Car la marche a lieu en famille. Femmes, enfants et personnes âgées font partie du cortège et assument la dureté du défi, comme Julia, 24 ans, enceinte et accompagnée de ses trois enfants : « si je dois donner naissance pendant la marche, je le ferai ».
Car si la route traverse le Tipnis, craignent les indigènes, cela signifiera la fin de leur mode de vie ancestral, fait de chasse, de pêche, de cueillette et de culture de manioc ou encore de riz.

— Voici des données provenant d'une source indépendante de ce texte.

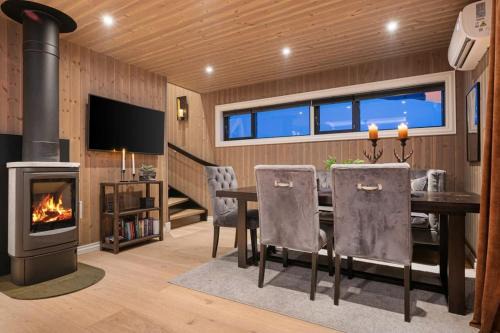 Rauland Casa | New cabin ski in out, fireplace & mountain view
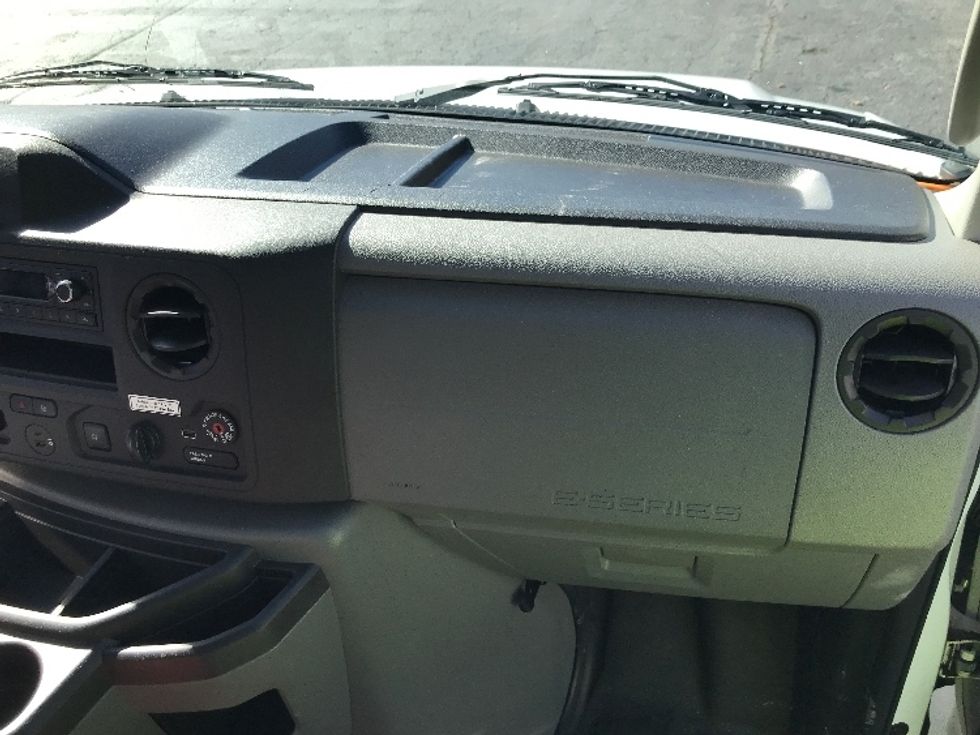 Light Duty Box Truck-Light and Medium Duty Trucks-Ford-2022-E350-Duluth-GA-59,943\n\t\tmiles-$ 43,250 - Image 19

Comme ses compagnons marcheurs, Julia a donc aussi du se résigner à abandonner provisoirement ses cultures : « Le mois d’août c’était justement l’époque des semis. Or nous étions déjà en train de marcher et ça nous porte préjudice. Mais finalement, nous n’allons pas mourir si nous passons une année sans riz, nous et nos enfants. Ce que nous voulons c’est que le gouvernement respecte notre droit, car ça, c’est pour toute la vie ». Le 25 septembre dernier, une violente intervention policière s’abat sur leur campement à Yucumo, dans la région du Beni. La répression fait plusieurs dizaines de blessés et disperse un temps la marche. Maria est encore traumatisée : « Ils nous ont frappés sans retenue et nous ont aspergé de gaz lacrymogène. Je n’aurais jamais cru ça de la part de ce gouvernement ».

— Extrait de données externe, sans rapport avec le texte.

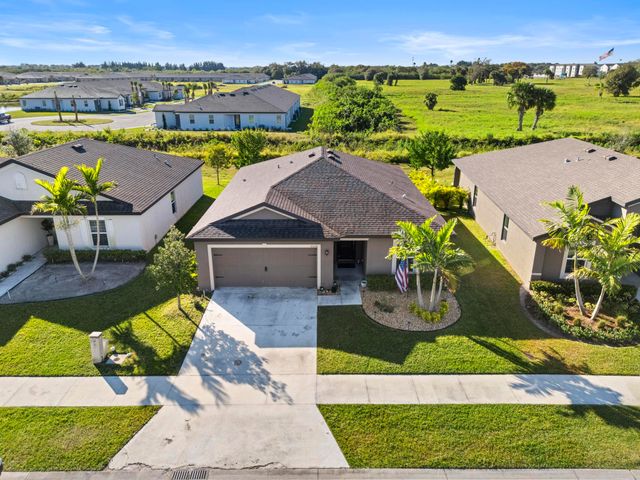 5536 Imagination Drive, Fort Pierce, FL 34947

Elan de sympathie en Bolivie pour la marche des Indiens
Mais la charge des forces de l’ordre génère également un mouvement national de sympathie envers les marcheurs et de colère envers le gouvernement d’Evo Morales, lui-même amérindien et élu sur un programme de défense des droits indigènes. Jenny Suarez, dirigeante de la marche, s’estime trahie : « Nous avons donné notre vote, non pas au président Evo, mais à un processus de changement. Nous pensions qu’avec un gouvernement indigène, les peuples indigènes allaient être renforcés. Mais nous nous sommes trompés en accordant notre vote ».

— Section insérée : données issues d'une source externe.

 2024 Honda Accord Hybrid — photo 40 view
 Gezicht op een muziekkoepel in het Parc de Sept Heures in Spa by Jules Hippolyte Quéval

Malgré le coût politique croissant du conflit, le président Morales continue à défendre le projet routier au nom du développement et accuse les marcheurs d’être manipulés par l’opposition. Ses partisans ont annoncé la tenue d’une manifestation de soutien à la politique du gouvernement mercredi prochain, soit peu avant l’arrivée programmée des marcheurs indiens à La Paz.